*COLLECTED MATERIAL*:
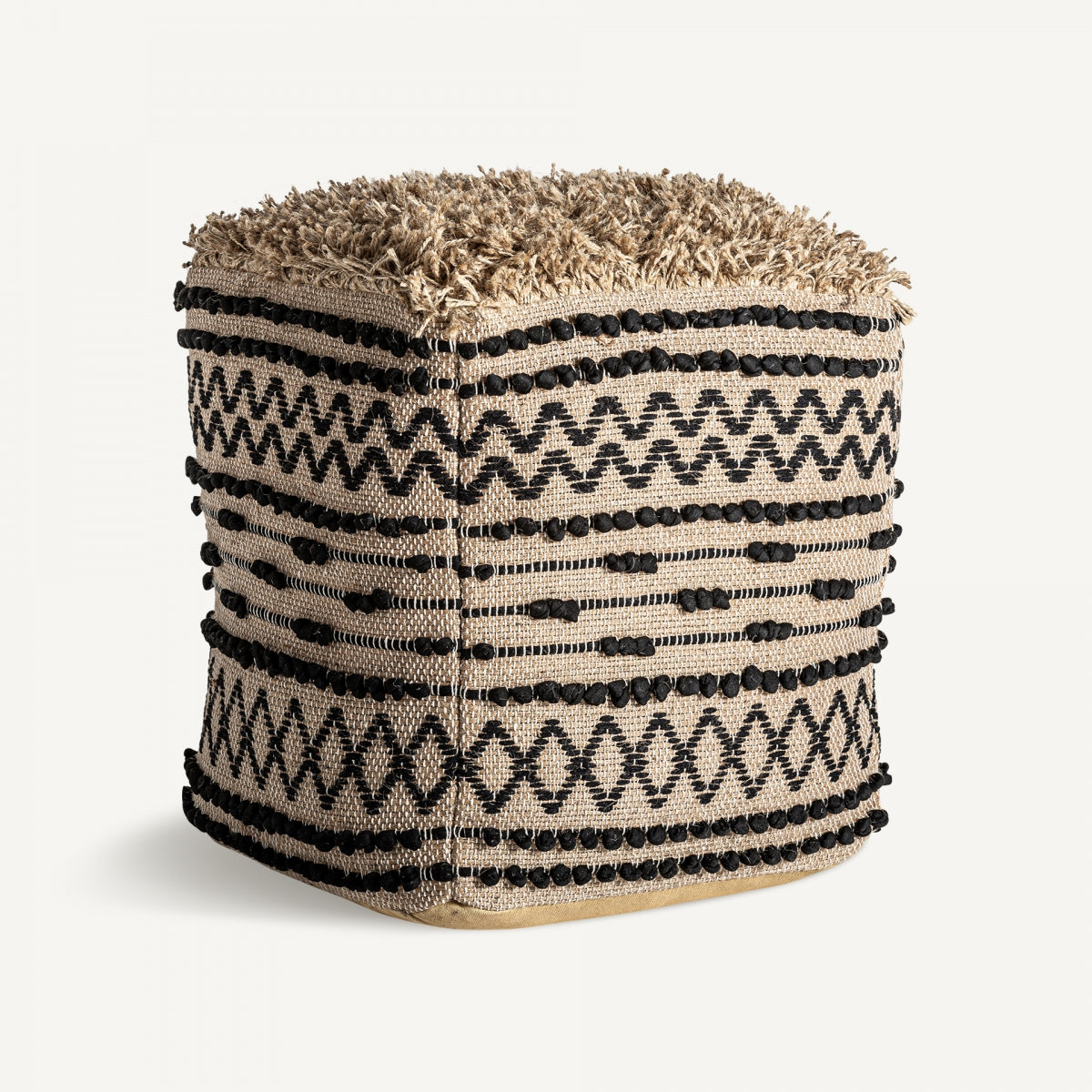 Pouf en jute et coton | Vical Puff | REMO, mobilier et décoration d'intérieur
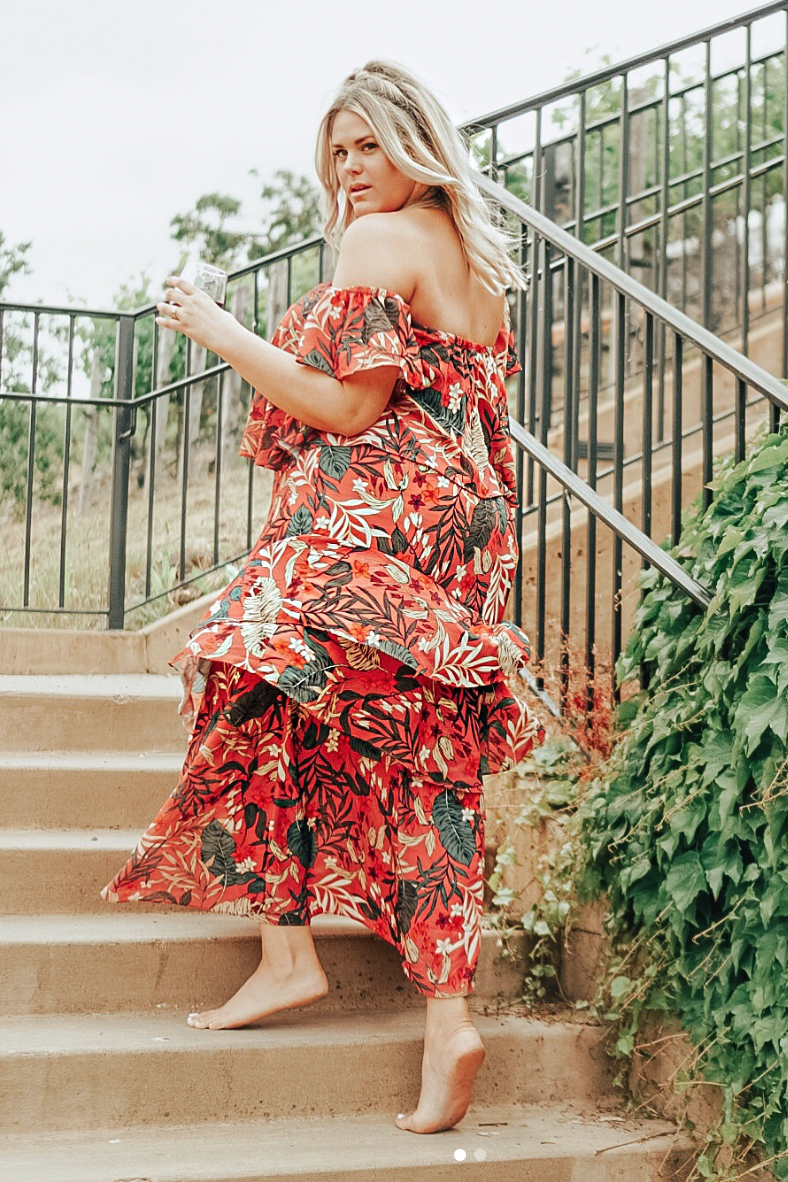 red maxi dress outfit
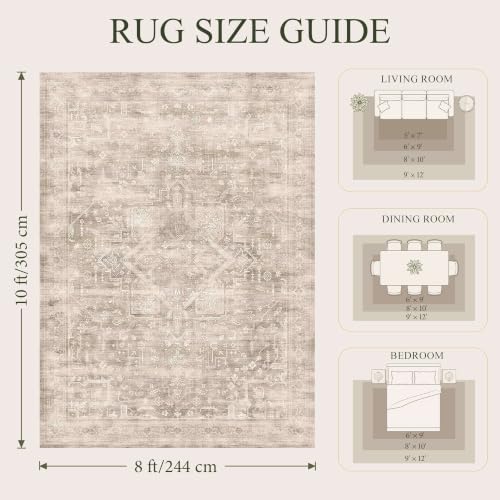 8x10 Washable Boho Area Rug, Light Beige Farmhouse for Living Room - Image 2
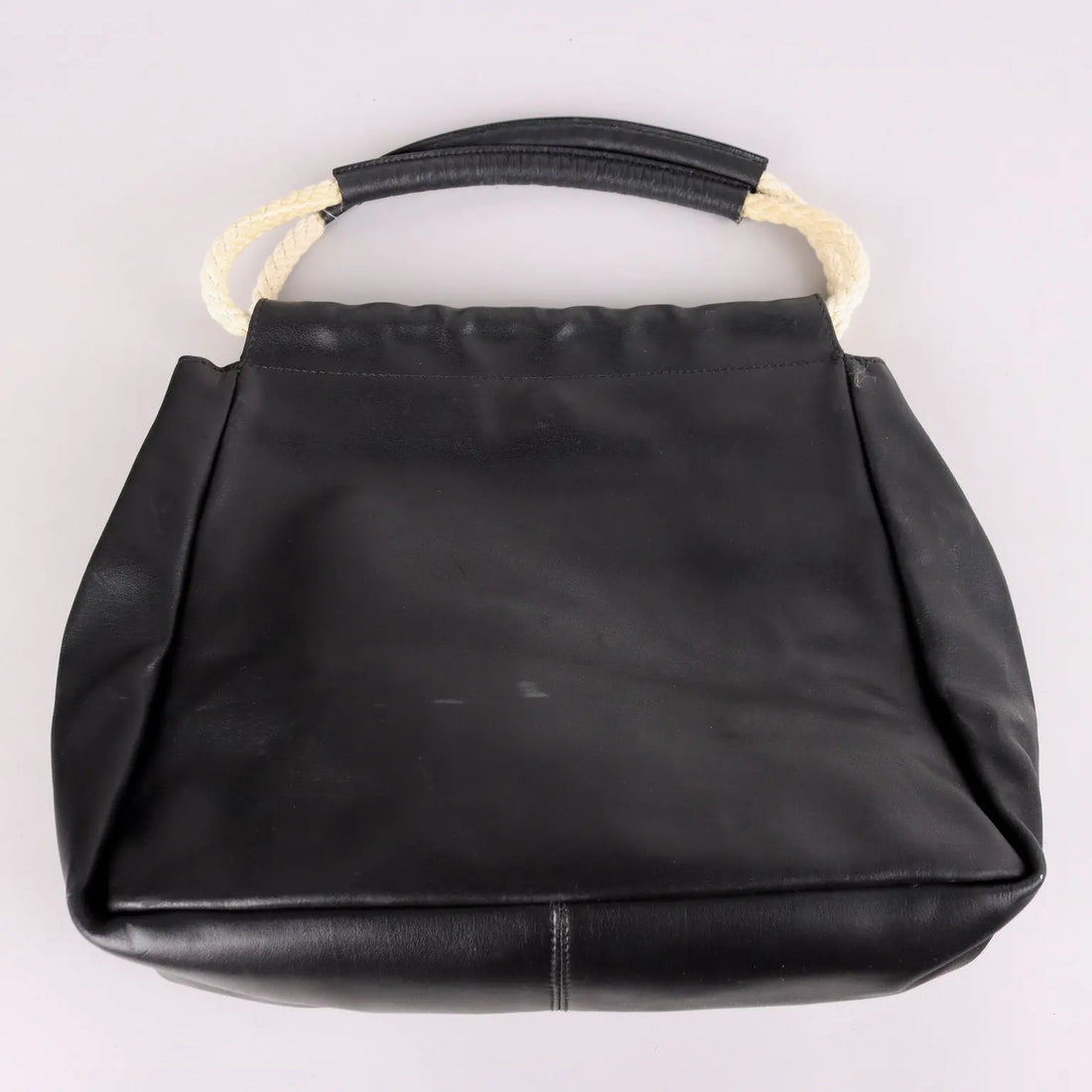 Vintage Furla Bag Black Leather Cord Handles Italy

*TASK REQUIREMENTS*: Would you give again exactly the lines from the line containing "red maxi dress outfit" through the end of the listing, both ends included, without any pictures?

*OUTPUT*:
 red maxi dress outfit
 8x10 Washable Boho Area Rug, Light Beige Farmhouse for Living Room - Image 2
 Vintage Furla Bag Black Leather Cord Handles Italy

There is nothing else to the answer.